**Activity**
Please output exactly the lines below, starting at the line that has "45 Ledgewood Road, Claremont, NH 03743" and ending at the line that has "This Instagram Account", both included; leave out all pictures and include nothing else.

**Dataset extract**
=== Section Start ===
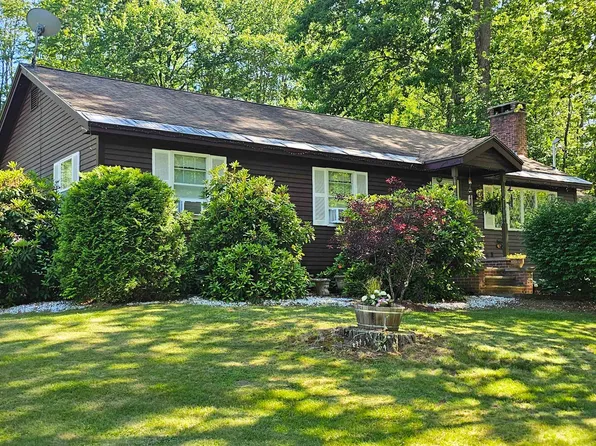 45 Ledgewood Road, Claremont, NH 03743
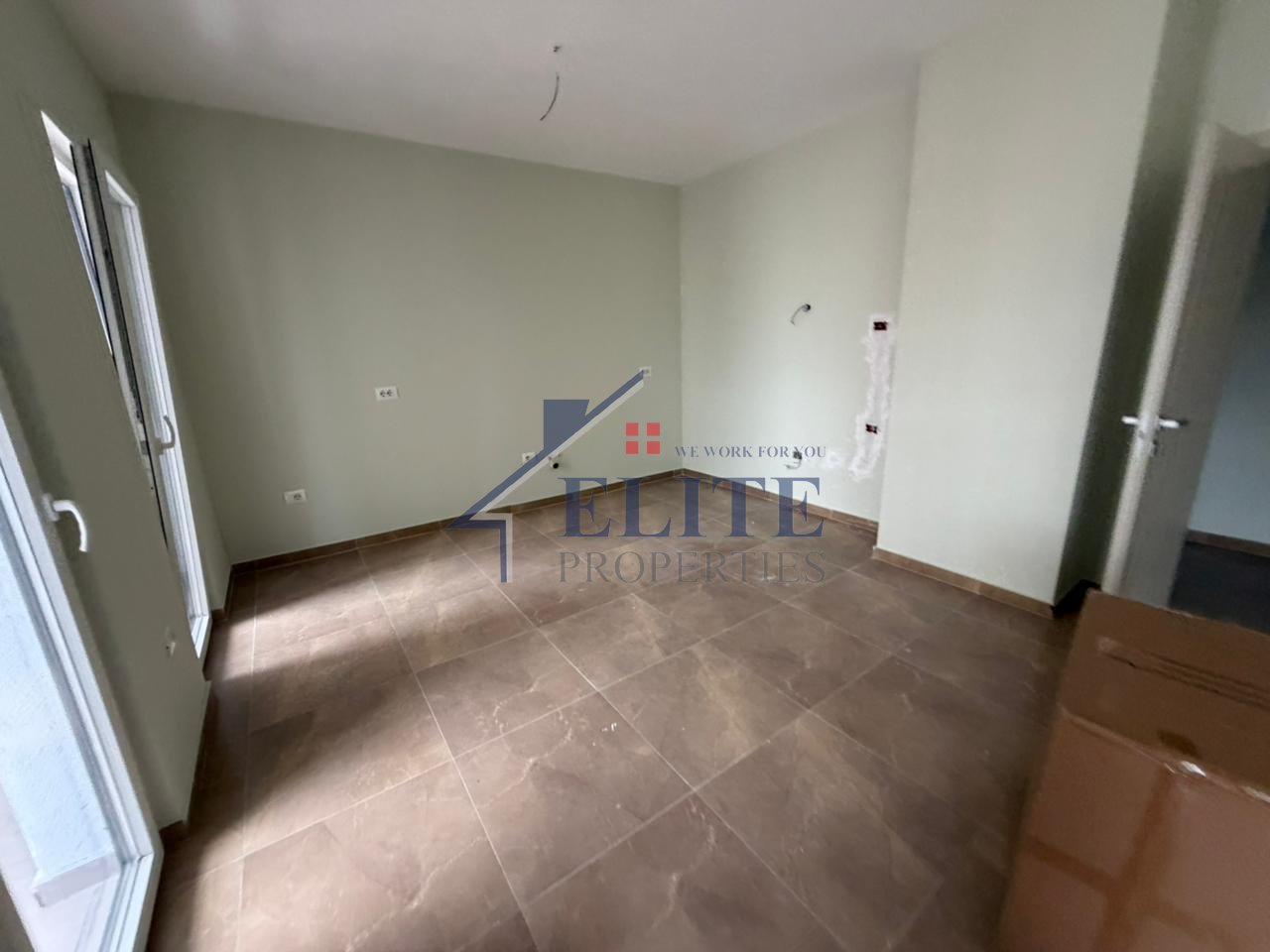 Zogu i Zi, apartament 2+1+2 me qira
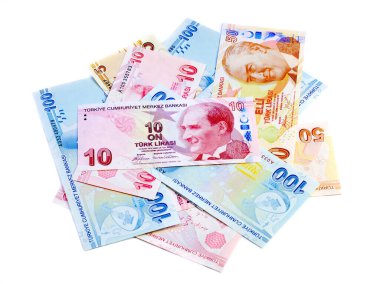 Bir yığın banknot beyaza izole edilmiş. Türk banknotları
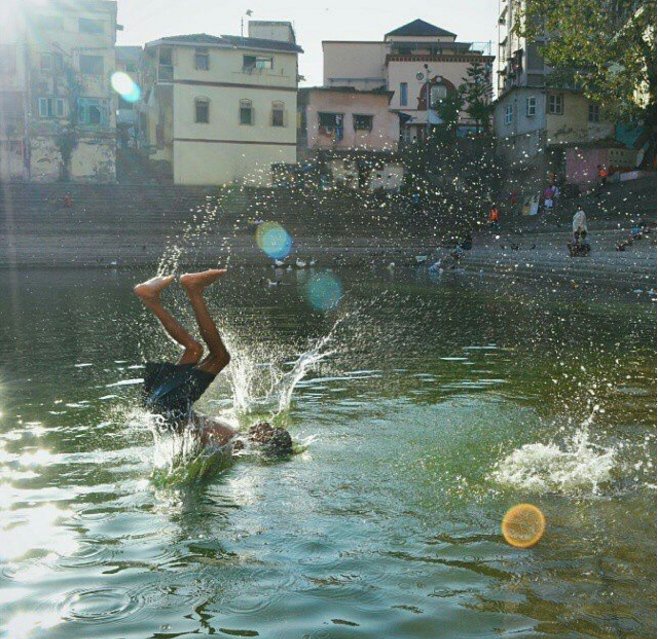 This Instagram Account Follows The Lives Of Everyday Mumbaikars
=== Section End ===
=== Section Start ===
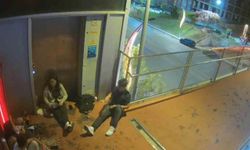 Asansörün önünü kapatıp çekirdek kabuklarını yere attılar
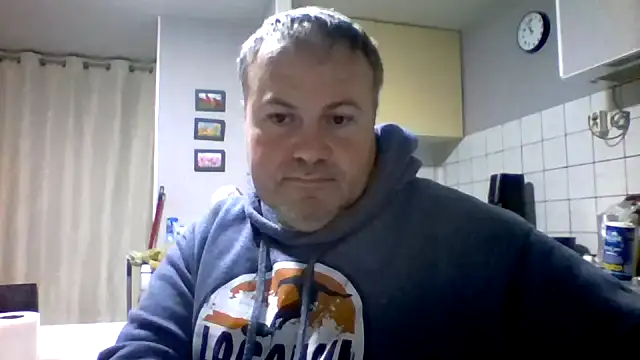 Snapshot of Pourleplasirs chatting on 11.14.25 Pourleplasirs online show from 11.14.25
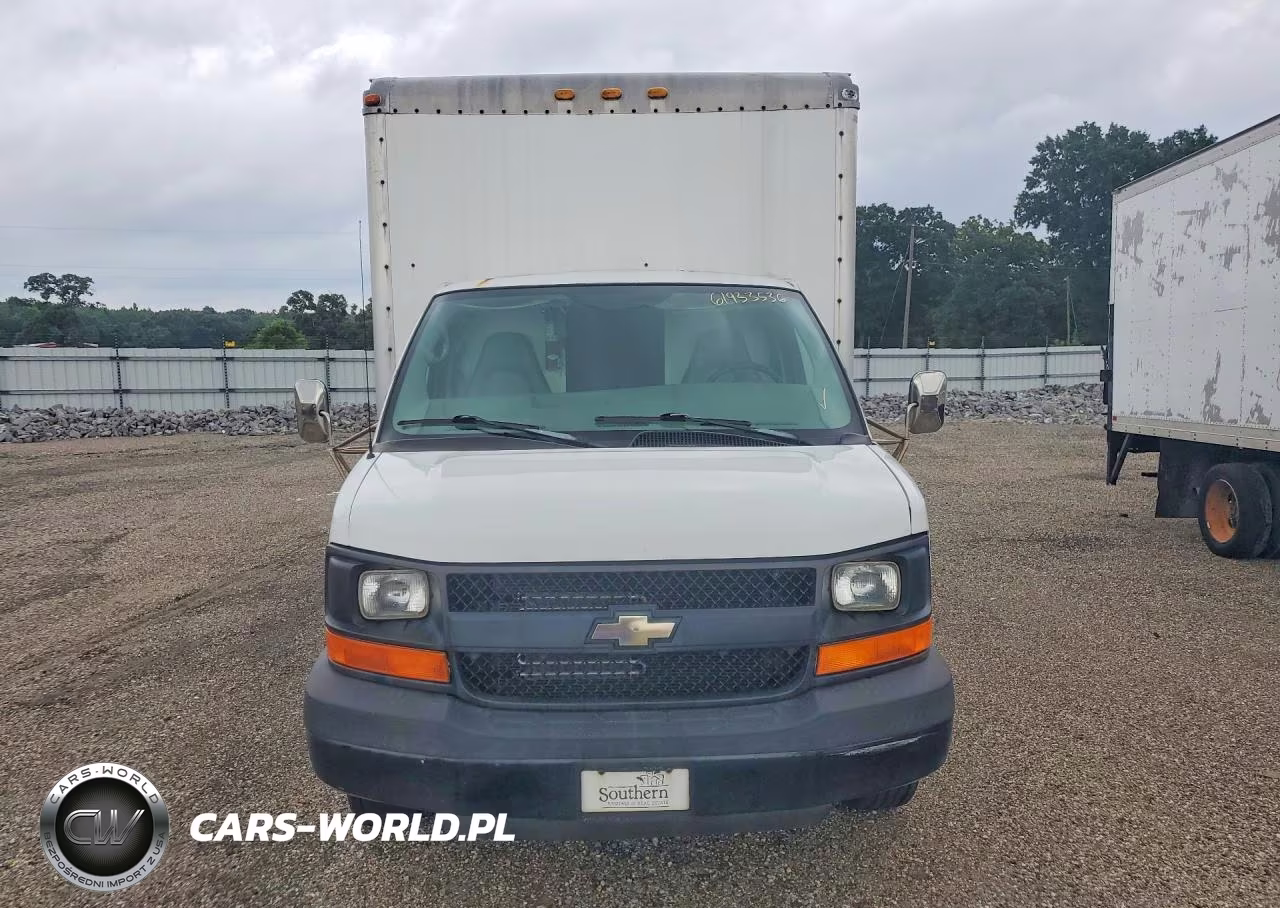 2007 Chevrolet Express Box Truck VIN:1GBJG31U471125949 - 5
=== Section End ===
**Answer to the problem**
 45 Ledgewood Road, Claremont, NH 03743
 Zogu i Zi, apartament 2+1+2 me qira
 Bir yığın banknot beyaza izole edilmiş. Türk banknotları
 This Instagram Account Follows The Lives Of Everyday Mumbaikars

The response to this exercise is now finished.